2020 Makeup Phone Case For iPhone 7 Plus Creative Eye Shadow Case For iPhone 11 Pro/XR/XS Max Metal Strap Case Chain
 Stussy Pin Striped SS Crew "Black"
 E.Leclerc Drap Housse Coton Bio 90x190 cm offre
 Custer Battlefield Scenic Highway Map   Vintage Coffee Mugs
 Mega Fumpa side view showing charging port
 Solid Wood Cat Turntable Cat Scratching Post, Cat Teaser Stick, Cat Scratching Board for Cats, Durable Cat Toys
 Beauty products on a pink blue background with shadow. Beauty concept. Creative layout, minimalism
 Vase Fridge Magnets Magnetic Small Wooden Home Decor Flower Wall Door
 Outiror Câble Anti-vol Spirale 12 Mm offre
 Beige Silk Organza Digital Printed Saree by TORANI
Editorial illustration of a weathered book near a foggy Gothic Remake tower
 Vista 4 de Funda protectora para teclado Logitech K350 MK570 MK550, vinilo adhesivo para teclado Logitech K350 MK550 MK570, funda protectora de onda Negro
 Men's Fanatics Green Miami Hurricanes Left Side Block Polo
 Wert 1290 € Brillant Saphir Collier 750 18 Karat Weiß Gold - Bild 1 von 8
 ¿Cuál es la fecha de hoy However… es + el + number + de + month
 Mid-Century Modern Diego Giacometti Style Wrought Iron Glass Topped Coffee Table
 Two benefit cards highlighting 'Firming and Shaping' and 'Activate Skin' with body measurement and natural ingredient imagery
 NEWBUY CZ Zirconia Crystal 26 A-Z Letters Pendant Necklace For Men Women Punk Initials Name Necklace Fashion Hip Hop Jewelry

• • • • • • •

**ACTIVITY**
Say how many lines in the entries above contain the string "Coffee". Give the number by itself.

**SOLUTION TO THIS EXERCISE**
2